● Provided entries
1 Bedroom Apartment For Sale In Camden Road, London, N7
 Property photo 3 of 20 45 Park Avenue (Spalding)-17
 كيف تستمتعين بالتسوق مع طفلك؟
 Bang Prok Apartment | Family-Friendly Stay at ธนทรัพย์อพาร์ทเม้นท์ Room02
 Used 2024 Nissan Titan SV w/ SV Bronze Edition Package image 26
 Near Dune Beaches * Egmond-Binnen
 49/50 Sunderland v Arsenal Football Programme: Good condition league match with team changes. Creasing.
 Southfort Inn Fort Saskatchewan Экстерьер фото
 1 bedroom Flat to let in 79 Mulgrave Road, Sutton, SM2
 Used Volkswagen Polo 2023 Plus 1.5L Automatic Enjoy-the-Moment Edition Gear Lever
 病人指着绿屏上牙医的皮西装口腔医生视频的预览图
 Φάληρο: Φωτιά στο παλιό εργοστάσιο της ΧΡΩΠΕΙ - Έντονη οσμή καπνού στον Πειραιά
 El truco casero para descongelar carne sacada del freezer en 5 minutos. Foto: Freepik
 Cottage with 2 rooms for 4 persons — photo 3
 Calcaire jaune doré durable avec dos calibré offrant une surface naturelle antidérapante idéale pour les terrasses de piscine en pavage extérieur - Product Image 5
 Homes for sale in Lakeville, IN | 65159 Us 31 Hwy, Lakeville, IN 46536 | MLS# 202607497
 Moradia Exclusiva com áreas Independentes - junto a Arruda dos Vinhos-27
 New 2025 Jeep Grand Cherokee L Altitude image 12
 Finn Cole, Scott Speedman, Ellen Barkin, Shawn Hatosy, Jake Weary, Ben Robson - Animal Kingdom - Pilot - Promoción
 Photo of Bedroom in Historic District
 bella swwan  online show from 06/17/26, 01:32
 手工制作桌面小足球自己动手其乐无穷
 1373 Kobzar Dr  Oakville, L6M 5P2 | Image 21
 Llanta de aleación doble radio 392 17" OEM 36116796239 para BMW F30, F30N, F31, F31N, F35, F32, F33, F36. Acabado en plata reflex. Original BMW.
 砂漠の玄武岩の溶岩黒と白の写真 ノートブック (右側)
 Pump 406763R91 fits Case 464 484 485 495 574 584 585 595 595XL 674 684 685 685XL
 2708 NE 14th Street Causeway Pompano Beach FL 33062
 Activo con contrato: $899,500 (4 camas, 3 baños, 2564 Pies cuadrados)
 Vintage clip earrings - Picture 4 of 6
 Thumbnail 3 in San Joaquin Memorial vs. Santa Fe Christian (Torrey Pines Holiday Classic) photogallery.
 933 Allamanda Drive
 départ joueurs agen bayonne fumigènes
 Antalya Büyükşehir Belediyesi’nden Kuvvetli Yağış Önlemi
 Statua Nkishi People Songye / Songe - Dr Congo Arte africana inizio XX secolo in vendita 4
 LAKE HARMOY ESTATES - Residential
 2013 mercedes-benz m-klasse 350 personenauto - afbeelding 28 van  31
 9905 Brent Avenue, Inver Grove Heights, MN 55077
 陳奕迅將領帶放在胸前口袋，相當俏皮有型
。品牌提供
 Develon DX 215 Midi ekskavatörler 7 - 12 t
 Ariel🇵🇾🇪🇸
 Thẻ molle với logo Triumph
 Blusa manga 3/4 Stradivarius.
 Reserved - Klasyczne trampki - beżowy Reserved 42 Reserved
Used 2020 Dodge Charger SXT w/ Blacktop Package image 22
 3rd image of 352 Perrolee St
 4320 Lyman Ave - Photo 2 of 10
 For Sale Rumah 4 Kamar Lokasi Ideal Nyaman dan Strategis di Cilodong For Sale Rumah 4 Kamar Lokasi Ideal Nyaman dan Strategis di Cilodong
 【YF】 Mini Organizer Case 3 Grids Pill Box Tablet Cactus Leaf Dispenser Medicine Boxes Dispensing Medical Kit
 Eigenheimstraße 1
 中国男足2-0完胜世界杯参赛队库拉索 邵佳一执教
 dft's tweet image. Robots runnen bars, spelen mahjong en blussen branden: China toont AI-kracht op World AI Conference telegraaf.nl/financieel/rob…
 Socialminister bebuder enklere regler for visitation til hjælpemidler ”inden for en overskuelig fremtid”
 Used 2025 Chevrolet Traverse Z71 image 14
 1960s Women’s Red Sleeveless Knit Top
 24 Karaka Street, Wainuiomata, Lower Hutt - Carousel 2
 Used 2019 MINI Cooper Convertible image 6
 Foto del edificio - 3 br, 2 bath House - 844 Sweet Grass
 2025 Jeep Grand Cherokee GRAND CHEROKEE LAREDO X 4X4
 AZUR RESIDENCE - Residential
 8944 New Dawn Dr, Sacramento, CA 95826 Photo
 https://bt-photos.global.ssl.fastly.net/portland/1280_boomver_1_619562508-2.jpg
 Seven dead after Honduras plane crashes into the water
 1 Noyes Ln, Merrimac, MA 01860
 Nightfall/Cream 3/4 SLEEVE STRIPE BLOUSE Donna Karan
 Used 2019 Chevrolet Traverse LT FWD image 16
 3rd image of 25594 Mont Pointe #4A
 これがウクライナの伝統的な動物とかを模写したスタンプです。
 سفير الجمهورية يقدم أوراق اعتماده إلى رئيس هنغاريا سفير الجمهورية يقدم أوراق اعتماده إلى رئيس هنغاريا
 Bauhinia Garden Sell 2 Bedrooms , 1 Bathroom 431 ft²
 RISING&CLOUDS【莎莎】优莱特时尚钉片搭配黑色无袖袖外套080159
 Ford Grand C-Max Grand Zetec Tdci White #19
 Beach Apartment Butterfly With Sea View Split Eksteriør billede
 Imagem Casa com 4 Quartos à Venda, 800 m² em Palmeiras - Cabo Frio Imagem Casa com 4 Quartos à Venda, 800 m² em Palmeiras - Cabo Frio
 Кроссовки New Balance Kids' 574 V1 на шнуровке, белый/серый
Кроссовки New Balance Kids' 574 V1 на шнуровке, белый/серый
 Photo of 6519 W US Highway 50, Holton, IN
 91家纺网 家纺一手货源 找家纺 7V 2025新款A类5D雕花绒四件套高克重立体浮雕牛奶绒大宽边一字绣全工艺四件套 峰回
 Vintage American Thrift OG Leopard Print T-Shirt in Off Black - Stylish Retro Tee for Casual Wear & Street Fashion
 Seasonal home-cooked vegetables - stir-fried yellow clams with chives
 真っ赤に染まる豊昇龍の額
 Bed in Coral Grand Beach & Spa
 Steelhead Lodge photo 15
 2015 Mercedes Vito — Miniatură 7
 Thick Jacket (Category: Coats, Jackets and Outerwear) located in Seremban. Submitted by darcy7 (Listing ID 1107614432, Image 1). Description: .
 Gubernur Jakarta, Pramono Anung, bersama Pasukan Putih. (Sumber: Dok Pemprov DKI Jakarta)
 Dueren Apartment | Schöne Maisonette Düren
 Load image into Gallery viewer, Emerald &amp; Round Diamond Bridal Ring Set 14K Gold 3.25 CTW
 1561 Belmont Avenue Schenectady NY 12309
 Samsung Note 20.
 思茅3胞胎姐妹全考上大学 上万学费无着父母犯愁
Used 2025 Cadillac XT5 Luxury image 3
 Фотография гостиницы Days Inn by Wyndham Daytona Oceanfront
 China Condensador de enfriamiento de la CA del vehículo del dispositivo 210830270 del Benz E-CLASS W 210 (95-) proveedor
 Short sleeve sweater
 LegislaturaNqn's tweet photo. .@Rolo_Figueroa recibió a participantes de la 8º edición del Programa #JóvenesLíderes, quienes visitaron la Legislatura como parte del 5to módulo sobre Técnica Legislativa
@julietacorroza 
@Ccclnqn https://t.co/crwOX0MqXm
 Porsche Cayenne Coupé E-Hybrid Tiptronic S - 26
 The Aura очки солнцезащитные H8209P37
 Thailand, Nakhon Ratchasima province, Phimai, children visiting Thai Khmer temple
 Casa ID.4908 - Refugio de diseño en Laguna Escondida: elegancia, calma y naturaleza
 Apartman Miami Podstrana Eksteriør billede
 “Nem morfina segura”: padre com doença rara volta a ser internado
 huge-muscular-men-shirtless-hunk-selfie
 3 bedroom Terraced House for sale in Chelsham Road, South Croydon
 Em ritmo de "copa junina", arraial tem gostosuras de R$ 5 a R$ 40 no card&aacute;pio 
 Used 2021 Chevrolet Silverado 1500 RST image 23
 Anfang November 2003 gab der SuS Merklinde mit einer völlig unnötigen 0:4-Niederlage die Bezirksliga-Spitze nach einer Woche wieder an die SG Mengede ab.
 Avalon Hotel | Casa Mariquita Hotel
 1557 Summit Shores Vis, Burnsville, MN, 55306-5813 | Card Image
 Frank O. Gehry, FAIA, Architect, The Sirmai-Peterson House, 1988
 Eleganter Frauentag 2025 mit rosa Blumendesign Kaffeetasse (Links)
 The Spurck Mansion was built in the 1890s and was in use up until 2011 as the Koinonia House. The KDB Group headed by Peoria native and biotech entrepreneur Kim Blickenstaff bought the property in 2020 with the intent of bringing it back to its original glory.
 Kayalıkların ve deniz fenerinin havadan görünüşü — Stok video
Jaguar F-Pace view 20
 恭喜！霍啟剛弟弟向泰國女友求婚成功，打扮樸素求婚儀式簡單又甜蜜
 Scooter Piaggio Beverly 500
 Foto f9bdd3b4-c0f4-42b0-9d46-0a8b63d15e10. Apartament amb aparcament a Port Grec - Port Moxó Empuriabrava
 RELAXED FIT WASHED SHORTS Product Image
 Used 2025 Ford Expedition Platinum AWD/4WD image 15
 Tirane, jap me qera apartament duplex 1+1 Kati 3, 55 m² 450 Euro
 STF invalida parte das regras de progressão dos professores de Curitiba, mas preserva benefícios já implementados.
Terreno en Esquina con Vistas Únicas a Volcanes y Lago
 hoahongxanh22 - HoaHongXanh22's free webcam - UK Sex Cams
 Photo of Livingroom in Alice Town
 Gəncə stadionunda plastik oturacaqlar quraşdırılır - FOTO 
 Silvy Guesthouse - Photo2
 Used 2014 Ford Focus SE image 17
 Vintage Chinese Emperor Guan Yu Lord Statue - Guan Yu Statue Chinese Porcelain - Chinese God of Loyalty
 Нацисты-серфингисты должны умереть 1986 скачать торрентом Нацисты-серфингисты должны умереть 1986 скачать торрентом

● Your task
What you return must be the lines above that run from the line with "1373 Kobzar Dr" to the line with "Pump 406763R91 fits", inclusive, each copied exactly.

● Solved exercise
 1373 Kobzar Dr  Oakville, L6M 5P2 | Image 21
 Llanta de aleación doble radio 392 17" OEM 36116796239 para BMW F30, F30N, F31, F31N, F35, F32, F33, F36. Acabado en plata reflex. Original BMW.
 砂漠の玄武岩の溶岩黒と白の写真 ノートブック (右側)
 Pump 406763R91 fits Case 464 484 485 495 574 584 585 595 595XL 674 684 685 685XL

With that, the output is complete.